Work order: Copy every line below where the string "with" is found.

Source data:
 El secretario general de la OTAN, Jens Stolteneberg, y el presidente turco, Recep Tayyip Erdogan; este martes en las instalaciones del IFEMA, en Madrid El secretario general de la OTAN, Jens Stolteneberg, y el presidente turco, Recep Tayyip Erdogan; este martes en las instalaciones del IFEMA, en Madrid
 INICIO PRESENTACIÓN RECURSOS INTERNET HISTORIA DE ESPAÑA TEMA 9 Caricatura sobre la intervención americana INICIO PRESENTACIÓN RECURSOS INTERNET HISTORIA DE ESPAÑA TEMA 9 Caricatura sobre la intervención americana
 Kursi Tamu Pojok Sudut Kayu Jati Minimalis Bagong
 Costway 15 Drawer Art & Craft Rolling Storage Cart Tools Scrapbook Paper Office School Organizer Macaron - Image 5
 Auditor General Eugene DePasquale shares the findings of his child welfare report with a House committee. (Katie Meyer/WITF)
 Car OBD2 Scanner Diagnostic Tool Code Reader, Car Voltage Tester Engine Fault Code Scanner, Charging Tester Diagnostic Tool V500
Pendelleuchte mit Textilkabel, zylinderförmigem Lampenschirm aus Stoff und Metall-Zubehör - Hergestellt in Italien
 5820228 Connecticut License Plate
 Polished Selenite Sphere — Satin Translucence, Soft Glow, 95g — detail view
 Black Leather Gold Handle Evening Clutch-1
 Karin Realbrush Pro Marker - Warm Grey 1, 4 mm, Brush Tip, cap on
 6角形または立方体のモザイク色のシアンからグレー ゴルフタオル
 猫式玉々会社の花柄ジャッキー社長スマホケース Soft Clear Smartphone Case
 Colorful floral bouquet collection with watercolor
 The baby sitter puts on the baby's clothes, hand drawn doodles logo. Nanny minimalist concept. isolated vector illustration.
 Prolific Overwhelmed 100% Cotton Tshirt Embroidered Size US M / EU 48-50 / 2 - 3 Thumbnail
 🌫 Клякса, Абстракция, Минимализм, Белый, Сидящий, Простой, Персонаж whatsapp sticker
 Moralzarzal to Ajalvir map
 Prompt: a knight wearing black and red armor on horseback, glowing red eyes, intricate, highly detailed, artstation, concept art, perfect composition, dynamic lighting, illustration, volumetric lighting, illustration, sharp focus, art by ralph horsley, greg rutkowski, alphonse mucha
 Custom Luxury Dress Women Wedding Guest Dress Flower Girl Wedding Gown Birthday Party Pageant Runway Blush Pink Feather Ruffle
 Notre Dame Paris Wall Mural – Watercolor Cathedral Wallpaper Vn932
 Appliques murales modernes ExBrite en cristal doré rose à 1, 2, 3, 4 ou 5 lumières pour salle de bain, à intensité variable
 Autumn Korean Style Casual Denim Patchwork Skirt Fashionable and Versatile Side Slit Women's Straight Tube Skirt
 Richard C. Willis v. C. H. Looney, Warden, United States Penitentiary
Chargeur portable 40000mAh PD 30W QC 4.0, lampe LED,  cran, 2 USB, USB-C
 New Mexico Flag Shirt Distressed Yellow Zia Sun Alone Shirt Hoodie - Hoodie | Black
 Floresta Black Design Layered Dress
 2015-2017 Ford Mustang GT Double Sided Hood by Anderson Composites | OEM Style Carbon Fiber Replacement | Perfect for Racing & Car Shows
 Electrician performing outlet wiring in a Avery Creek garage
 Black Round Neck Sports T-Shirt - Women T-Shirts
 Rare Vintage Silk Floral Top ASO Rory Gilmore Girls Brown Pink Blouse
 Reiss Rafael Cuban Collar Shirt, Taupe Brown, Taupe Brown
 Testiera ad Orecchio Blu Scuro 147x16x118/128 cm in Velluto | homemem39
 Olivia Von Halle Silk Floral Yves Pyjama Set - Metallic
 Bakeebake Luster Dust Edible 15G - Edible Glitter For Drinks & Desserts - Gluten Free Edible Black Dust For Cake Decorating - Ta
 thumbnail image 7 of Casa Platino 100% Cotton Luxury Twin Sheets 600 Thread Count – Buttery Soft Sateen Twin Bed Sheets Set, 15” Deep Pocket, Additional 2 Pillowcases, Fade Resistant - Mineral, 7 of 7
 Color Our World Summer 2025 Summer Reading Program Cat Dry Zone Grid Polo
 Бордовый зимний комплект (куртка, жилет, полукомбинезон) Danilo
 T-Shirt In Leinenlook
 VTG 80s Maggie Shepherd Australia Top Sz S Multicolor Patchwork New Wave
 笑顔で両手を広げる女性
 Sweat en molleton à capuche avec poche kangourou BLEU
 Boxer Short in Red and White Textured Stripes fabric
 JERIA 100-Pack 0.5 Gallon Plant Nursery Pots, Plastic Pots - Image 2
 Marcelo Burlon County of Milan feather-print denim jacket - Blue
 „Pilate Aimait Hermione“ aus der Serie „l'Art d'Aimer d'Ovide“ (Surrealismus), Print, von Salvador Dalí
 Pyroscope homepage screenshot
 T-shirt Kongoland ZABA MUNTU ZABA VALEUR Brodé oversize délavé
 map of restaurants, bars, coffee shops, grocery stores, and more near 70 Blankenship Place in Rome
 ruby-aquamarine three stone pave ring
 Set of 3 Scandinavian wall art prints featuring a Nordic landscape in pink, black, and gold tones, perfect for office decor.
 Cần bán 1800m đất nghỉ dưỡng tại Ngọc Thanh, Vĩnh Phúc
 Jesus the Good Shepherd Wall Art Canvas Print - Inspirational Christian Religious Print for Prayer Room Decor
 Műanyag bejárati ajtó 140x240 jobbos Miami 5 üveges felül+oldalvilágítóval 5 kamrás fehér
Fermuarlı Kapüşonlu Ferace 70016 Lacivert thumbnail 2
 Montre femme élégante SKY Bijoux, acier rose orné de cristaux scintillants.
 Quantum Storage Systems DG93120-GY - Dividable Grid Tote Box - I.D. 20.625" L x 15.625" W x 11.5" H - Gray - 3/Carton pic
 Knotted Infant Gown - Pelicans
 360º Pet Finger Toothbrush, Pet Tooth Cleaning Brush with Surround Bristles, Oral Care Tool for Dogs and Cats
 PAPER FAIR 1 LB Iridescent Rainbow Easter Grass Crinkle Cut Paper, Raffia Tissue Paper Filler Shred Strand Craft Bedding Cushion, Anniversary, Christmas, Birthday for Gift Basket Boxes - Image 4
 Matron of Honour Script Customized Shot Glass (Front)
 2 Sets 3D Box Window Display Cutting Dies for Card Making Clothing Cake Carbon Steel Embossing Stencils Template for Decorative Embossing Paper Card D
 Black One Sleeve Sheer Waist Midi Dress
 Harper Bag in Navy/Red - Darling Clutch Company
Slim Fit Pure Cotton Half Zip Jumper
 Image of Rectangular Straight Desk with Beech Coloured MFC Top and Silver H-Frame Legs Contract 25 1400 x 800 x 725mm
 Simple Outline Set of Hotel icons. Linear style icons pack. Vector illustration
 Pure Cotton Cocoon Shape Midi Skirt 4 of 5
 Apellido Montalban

Expected output:
 Auditor General Eugene DePasquale shares the findings of his child welfare report with a House committee. (Katie Meyer/WITF)
 Colorful floral bouquet collection with watercolor
 360º Pet Finger Toothbrush, Pet Tooth Cleaning Brush with Surround Bristles, Oral Care Tool for Dogs and Cats
 Image of Rectangular Straight Desk with Beech Coloured MFC Top and Silver H-Frame Legs Contract 25 1400 x 800 x 725mm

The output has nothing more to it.